**Instructions to follow**
Pictures must be dropped from the copy of the entries below; all else is returned exactly.

[Stored records]
■ ■ ■ ■ ■ ■ ■

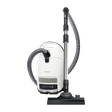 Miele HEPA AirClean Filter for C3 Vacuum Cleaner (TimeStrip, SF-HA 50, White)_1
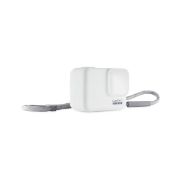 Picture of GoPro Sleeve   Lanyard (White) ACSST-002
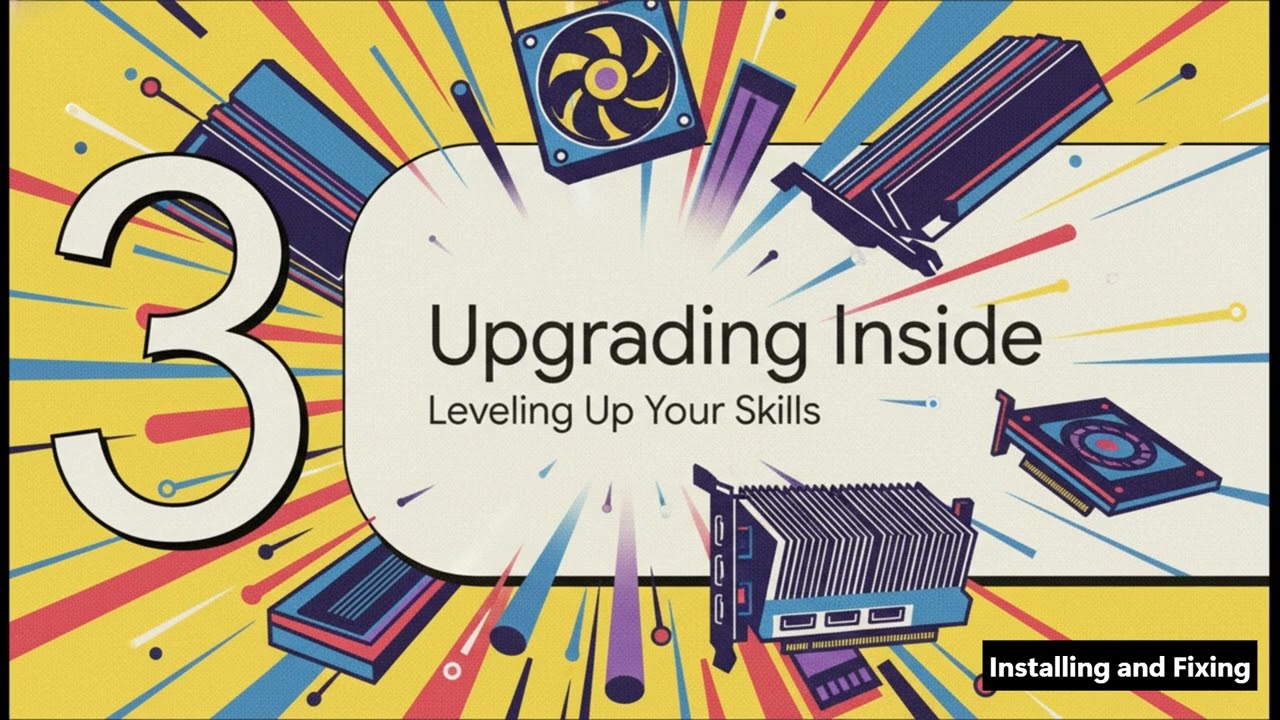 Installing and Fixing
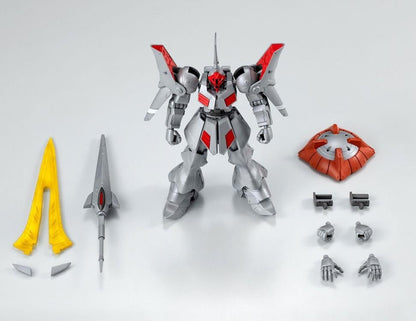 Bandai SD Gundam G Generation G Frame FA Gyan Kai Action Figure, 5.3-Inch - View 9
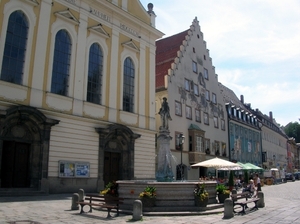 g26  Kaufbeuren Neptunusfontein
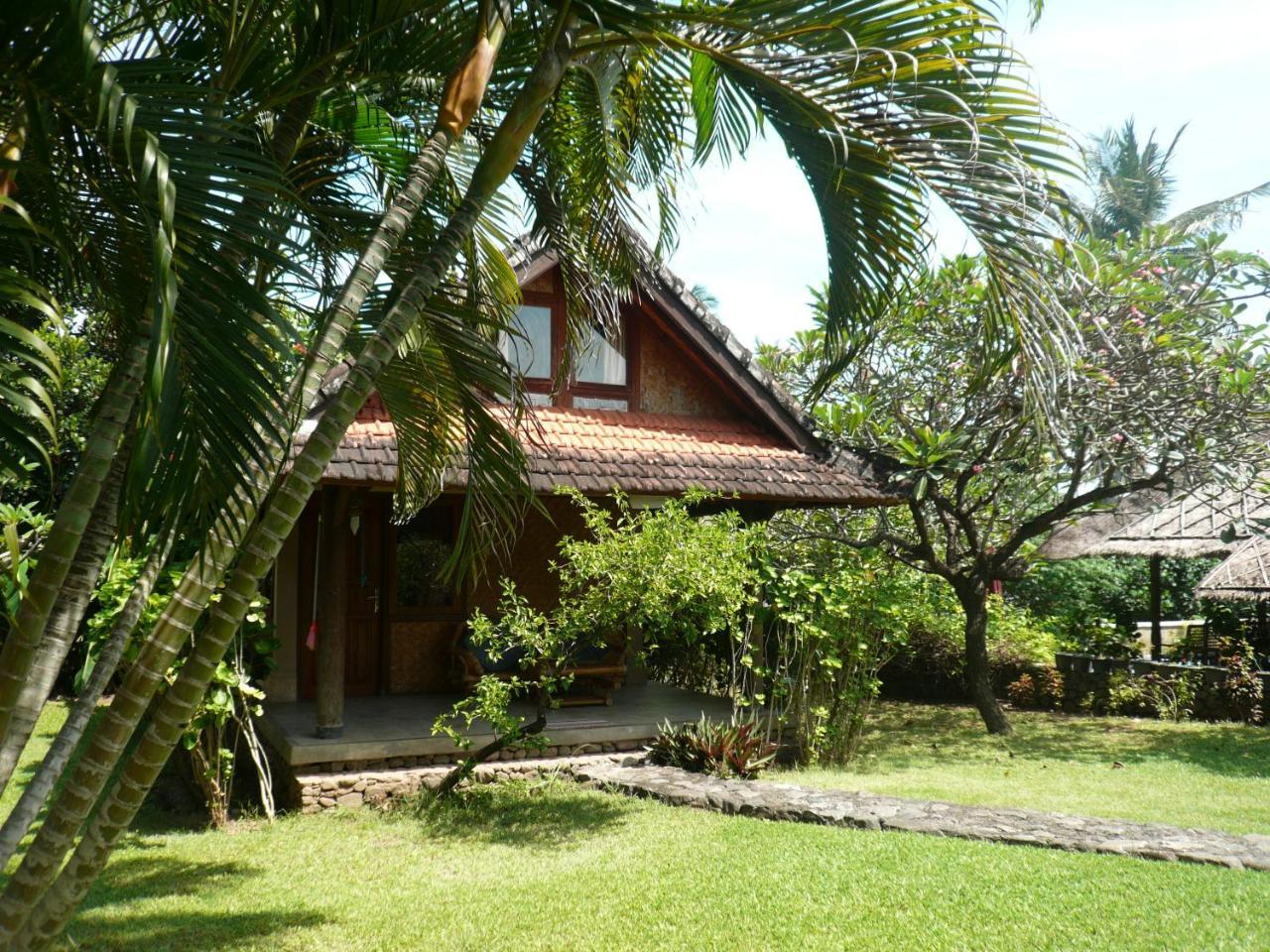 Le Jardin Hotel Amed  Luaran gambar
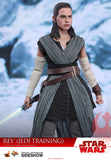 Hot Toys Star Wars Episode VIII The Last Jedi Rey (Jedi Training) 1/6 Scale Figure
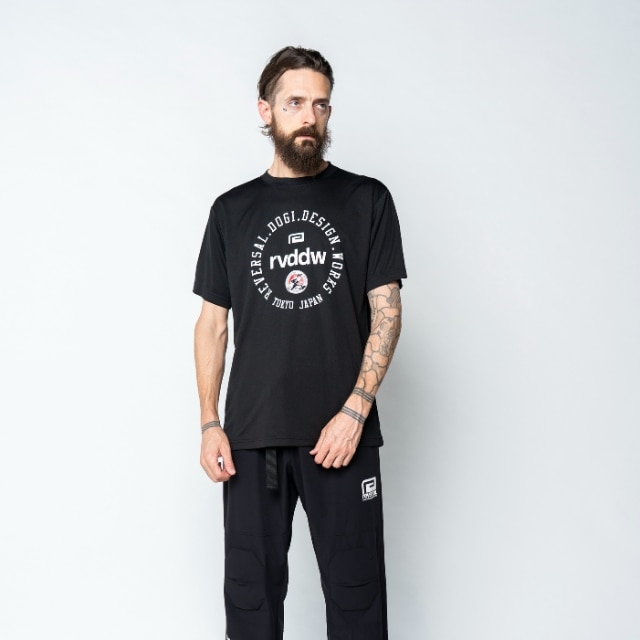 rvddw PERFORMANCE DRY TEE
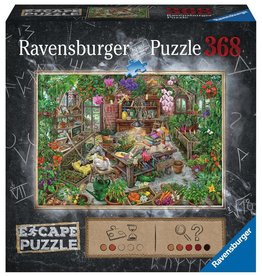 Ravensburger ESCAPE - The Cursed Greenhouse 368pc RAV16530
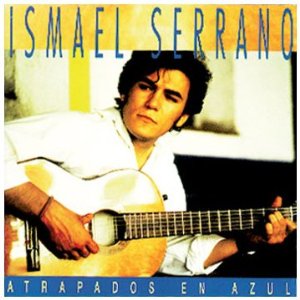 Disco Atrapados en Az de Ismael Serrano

■ ■ ■ ■ ■ ■ ■

**Finished task**
 Miele HEPA AirClean Filter for C3 Vacuum Cleaner (TimeStrip, SF-HA 50, White)_1
 Picture of GoPro Sleeve   Lanyard (White) ACSST-002
 Installing and Fixing
 Bandai SD Gundam G Generation G Frame FA Gyan Kai Action Figure, 5.3-Inch - View 9
 g26  Kaufbeuren Neptunusfontein
 Le Jardin Hotel Amed  Luaran gambar
 Hot Toys Star Wars Episode VIII The Last Jedi Rey (Jedi Training) 1/6 Scale Figure
 rvddw PERFORMANCE DRY TEE
 Ravensburger ESCAPE - The Cursed Greenhouse 368pc RAV16530
 Disco Atrapados en Az de Ismael Serrano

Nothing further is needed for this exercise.